155544 Method of smoking cessation and healthcare provider advice

Monday, November 5, 2007

Maya E. Matheny, BS , Department of Epidemiology and Preventive Medicine, University of Maryland School of Medicine, Baltimore, MD
Beverly J. Wolpert, PhD , Office of Food Defense, Communication & Emergency Response, FDA Center for Food Safety and Applied Nutrition, College Park, MD
Pat Langenberg, PhD , Department of Epidemiology & Preventive Medicine, University of Maryland School of Medicine, Baltimore, MD
Diane M. Dwyer, MD , Medical Director Center for Cancer Surveillance and Control, Maryland Department of Health and Mental Hygiene, Baltimore, MD
Carmela Groves, RN MS , Center for Cancer Surveillance and Control, Maryland Department of Health and Mental Hygiene, Baltimore, MD
Annette Hopkins, RN MS , Department of Epidemiology and Preventive Medicine, University of Maryland, Baltimore, Baltimore, MD
Min Zhan, PhD , Department of Epidemiology and Preventive Medicine, University of Maryland, Baltimore, Baltimore, MD
Eileen K. Steinberger, MD MS , Department of Epidemiology and Preventive Medicine, University of Maryland, Baltimore, Baltimore, MD
OBJECTIVE: Physician counseling and pharmacotherapy facilitate smoking cessation. This analysis describes the methods used by current smokers for cessation in relation to advice from a healthcare provider (HCP) in Maryland. METHODS: The Maryland Cancer Survey 2004 was a population-based telephone survey of cancer screening and risk behaviors in older adults, 40 years and above. Current smokers provided information about HCP advice to quit and smoking cessation methods used in the previous year. Multivariate logistic regression analyses were used to examine factors associated with use of cessation methods. RESULTS: 16% of the sample reported they were current smokers. Of those, 71% reported HCP advice to stop smoking. 57% of current smokers attempted to quit in the last year; 71% by “cold turkey” and 29% using another method (nicotine replacement or non-nicotine medication, behavioral therapy and alternative therapy.) Minority respondents more often tried to quit using cold turkey (84% compared to 63% of whites (p<0.0001). In multivariate analysis, advice from a healthcare provider to quit and white race were significant predictors of use of methods other than cold turkey (OR 1.8, 95% CI 1.02-3.11 and 2.8, 95% CI 1.7-4.7). CONCLUSIONS: The majority of older smokers who attempt to quit use cold turkey. Advice from a HCP to quit and being white are associated with increased odds of using pharmacological and other therapies for tobacco dependence. HCP need to counsel all patients and offer smoking cessation therapies to address the disparity suggested by minority respondents' increased use of cold turkey.

Learning Objectives:
1) Define current smoking status among older adults in Maryland. 2) Describe methods used for smoking cessation. 3) Discuss the association between healthcare provider advice and method for cessastion.

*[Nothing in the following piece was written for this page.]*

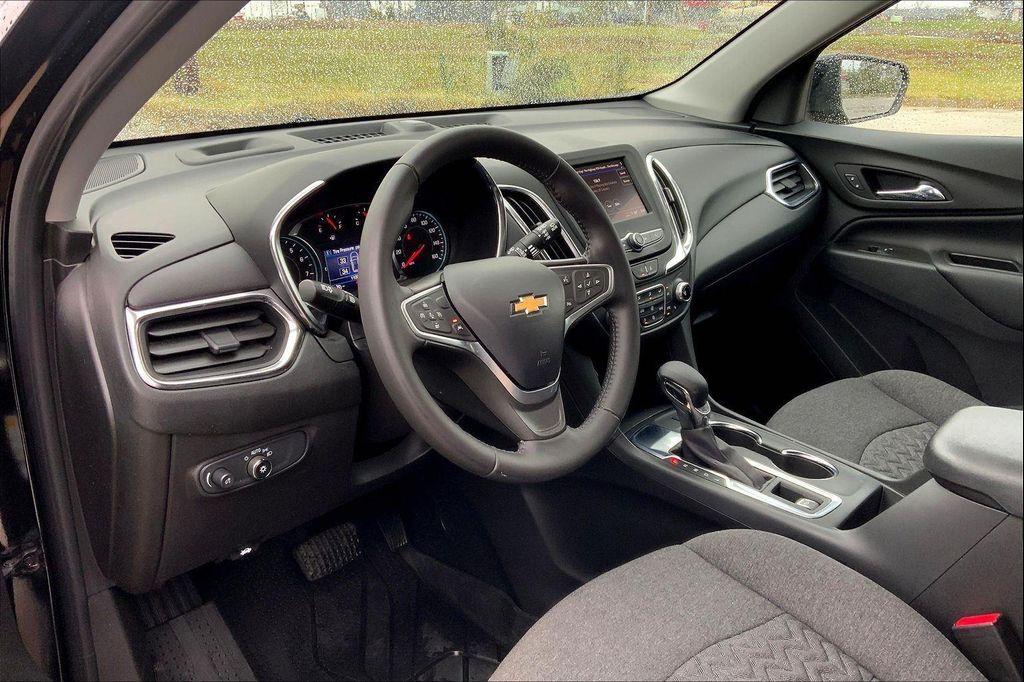 used 2022 Chevrolet Equinox car, priced at $22,009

Keywords: Tobacco, Smoking Cessation

Presenting author's disclosure statement:

Any relevant financial relationships? No
Any institutionally-contracted trials related to this submission?

I agree to comply with the American Public Health Association Conflict of Interest and Commercial Support Guidelines, and to disclose to the participants any off-label or experimental uses of a commercial product or service discussed in my presentation.